In the grand narrative of history, Florida finds itself poised like a seasoned surfer, anticipating the offshore swells that follow the storm of federal activity. As the state carves its path through the ever-changing financial landscape, it remains steadfast in championing the cause of monetary independence and fiscal self-determination. Guided by the adept hand of Governor Ron DeSantis, Florida embodies a sense of resilience and determination, navigating the shifting currents of economic freedom with grace and the warmth of individual liberty.

In the context of digital currencies, stablecoins have emerged as an important development. These cryptocurrencies are designed to maintain a stable value by pegging them to a reserve of assets or a reference currency. Understanding the role of stablecoins in the broader financial ecosystem provides a more nuanced perspective on DeSantis’ proposed bill.

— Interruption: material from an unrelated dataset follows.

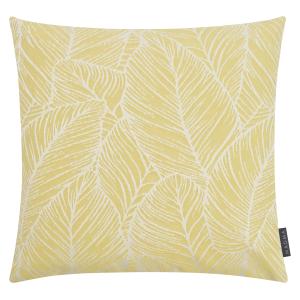 Housse de coussin extérieur dralon motif végétal moutarde -…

There are generally three types of stablecoins:

  • Fiat-collateralized stablecoins: These are backed by a reserve of fiat currency, such as the US dollar, held in a bank or other financial institution. For every stablecoin issued, there is an equivalent amount of fiat currency held as collateral.
  • Crypto-collateralized stablecoins: These are backed by a reserve of other cryptocurrencies, often requiring over-collateralization to account for the inherent volatility of the backing assets.
  • Algorithmic stablecoins: These are not backed by any reserve assets. Instead, they use algorithms and smart contracts to automatically adjust the supply of the stablecoin in response to changes in demand to maintain its pegged value.

DeSantis’ proposed bill specifically targets CBDCs, which are centralized digital currencies issued by a central bank, and not stablecoins. However, the bill’s implications for stablecoins’ regulatory standing within the state of Florida depend on the final language of the legislation. One possible strategy for the Florida Legislature could be to distance itself from the Federal Reserve by requiring any stablecoin issuer to keep “fiat-backed” tokens with a state-chartered bank. This would likely not apply to over-collateralized algorithmic stablecoins, but it is not inconceivable that the Florida Legislature might decide to further distance itself and its banking system from the Federal Reserve.

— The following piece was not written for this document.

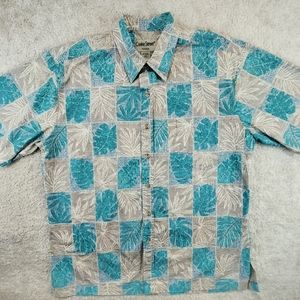 Cooke Street Honolulu Mens Large Tan Teal Hawaiian Floral Button Down Shirt USA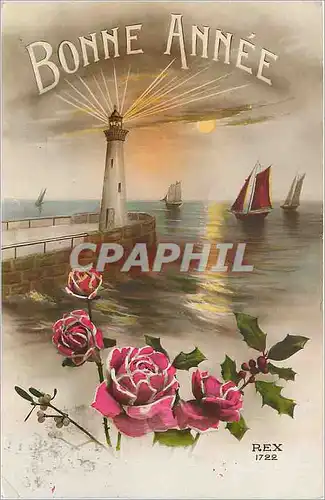 Cartes postales Bonne Annee Phare Bateaux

For the bill to become law, it must pass through the Florida Legislature, which is composed of the Florida House of Representatives and the Florida Senate. The bill would likely be introduced in either chamber, referred to relevant committees, and then debated and voted upon. If approved by both chambers, the bill would be sent to the Governor for signature. The legislative process may also involve a committee providing recommendations, similar to the Compassionate Use Act of 2014.

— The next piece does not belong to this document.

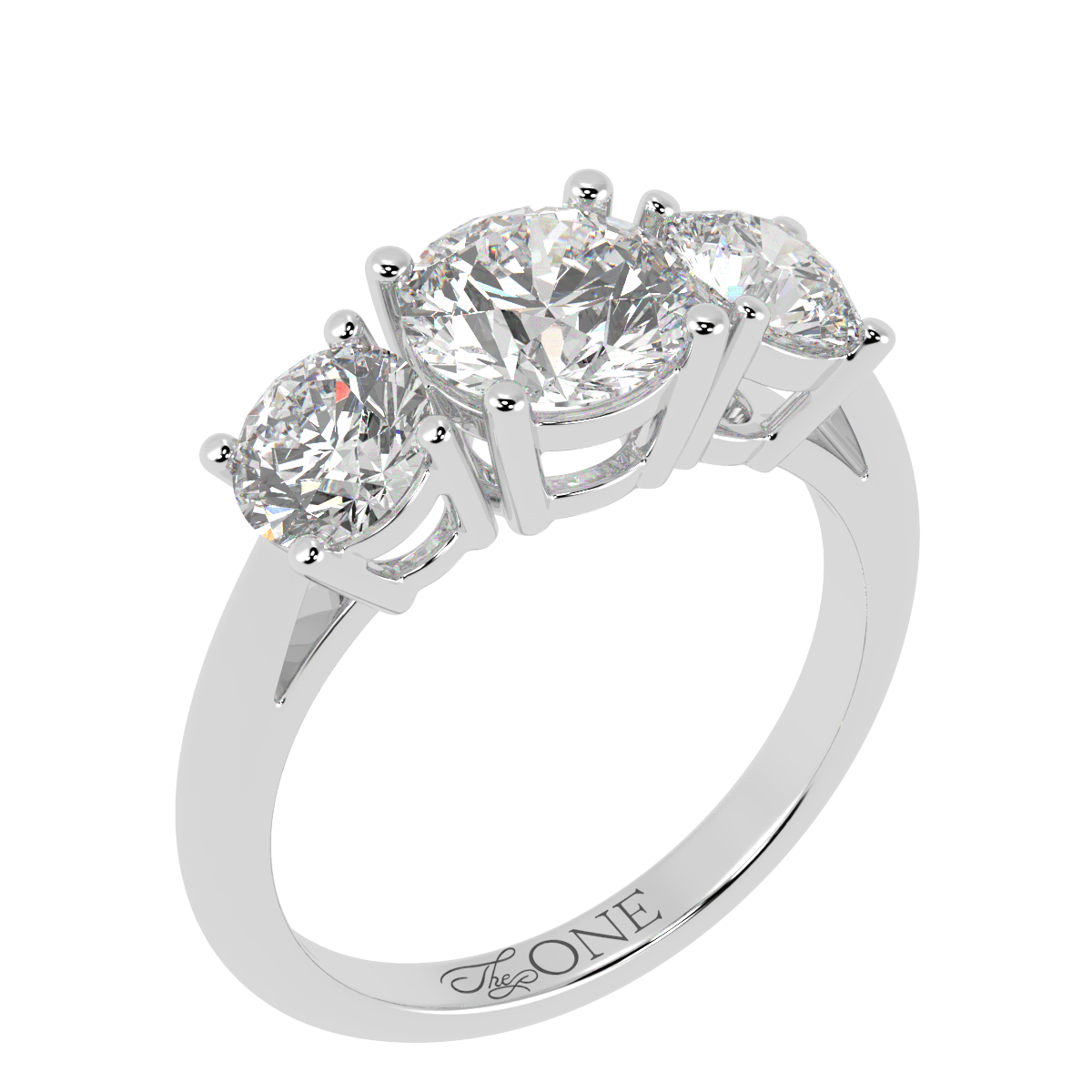 Round Trilogy Ring White Gold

In the spirit of cooperative federalism, DeSantis’ proposed bill also encourages likeminded states to join Florida in adopting similar prohibitions within their respective Commercial Codes. The collective power of the states, united by the principles of federalism as articulated through mountains of Supreme Court case law, could stymie the advancement of CBDCs on a national scale.

Drawing on the confidence of CJ Hobgood charging at a maxed-out Teahupo’o, Governor DeSantis leads Florida with unyielding determination and resilience. The state skillfully navigates the shifting currents of economic freedom, guided by the warm embrace of individual liberty. This bold action sets the tone and promises to have far-reaching ramifications across the globe, as Florida surfs the edge of innovation and adaptation, inspiring others to follow in its wake.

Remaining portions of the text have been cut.